→ **Data extract**

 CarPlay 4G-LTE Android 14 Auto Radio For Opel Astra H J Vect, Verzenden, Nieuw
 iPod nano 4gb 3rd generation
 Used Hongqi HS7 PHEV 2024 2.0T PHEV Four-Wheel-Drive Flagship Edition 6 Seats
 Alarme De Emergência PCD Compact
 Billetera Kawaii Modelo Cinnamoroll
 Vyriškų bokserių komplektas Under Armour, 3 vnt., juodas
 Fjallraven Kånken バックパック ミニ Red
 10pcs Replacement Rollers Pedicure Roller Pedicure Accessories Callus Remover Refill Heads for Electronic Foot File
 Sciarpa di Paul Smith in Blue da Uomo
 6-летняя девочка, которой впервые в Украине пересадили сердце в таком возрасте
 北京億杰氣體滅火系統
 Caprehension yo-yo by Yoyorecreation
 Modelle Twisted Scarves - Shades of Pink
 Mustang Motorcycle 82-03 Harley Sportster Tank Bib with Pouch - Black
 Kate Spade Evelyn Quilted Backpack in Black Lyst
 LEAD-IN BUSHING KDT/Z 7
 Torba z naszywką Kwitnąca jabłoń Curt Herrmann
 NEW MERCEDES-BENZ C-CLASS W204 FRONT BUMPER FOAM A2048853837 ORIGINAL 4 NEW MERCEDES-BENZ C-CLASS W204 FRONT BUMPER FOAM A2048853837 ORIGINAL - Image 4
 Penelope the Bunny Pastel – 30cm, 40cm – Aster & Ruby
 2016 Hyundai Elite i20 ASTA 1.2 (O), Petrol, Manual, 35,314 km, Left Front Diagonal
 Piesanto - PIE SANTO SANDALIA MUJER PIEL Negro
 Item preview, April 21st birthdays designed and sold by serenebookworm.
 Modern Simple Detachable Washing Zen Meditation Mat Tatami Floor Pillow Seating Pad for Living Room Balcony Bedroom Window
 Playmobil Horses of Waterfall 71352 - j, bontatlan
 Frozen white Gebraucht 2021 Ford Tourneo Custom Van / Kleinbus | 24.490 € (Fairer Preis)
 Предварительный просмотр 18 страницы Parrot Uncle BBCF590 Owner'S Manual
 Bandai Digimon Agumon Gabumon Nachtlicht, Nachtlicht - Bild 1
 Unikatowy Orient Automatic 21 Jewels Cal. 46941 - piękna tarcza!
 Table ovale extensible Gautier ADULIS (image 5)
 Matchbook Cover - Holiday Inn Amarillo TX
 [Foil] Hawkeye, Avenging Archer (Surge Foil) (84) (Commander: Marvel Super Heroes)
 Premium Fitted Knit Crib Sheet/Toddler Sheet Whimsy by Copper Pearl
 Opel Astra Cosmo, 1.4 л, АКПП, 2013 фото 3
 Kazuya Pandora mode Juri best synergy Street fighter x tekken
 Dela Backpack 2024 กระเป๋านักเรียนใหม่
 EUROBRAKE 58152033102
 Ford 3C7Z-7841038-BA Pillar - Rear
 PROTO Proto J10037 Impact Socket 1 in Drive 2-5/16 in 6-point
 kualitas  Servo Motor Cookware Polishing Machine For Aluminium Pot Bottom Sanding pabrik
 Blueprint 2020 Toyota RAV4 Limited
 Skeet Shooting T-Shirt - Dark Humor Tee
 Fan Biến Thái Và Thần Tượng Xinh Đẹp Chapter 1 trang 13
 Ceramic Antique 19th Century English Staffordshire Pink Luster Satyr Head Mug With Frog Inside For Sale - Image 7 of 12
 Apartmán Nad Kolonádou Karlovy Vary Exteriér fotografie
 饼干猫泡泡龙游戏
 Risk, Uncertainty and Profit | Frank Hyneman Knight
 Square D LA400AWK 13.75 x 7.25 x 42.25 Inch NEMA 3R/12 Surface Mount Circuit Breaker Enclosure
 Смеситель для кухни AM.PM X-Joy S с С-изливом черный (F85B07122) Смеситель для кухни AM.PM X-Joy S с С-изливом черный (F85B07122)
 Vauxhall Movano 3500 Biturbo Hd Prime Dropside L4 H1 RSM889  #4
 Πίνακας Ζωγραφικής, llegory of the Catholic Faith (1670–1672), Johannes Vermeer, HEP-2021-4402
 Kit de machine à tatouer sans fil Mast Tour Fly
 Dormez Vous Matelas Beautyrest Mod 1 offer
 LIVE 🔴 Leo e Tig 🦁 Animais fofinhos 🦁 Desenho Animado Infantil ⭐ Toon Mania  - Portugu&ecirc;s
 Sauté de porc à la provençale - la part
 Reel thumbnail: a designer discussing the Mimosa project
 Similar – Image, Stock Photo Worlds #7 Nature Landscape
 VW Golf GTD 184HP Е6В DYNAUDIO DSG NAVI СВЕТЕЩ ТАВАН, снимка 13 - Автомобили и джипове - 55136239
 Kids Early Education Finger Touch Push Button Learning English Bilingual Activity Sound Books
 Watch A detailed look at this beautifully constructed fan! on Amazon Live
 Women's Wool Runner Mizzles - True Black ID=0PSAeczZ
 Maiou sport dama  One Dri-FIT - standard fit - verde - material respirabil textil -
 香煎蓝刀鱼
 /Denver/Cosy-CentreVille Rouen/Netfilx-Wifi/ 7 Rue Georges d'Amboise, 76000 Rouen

→ **What the exercise asks**
For the string "Manual", find every line of the material that contains it, and copy each one.

→ **Solved exercise**
 2016 Hyundai Elite i20 ASTA 1.2 (O), Petrol, Manual, 35,314 km, Left Front Diagonal
 Предварительный просмотр 18 страницы Parrot Uncle BBCF590 Owner'S Manual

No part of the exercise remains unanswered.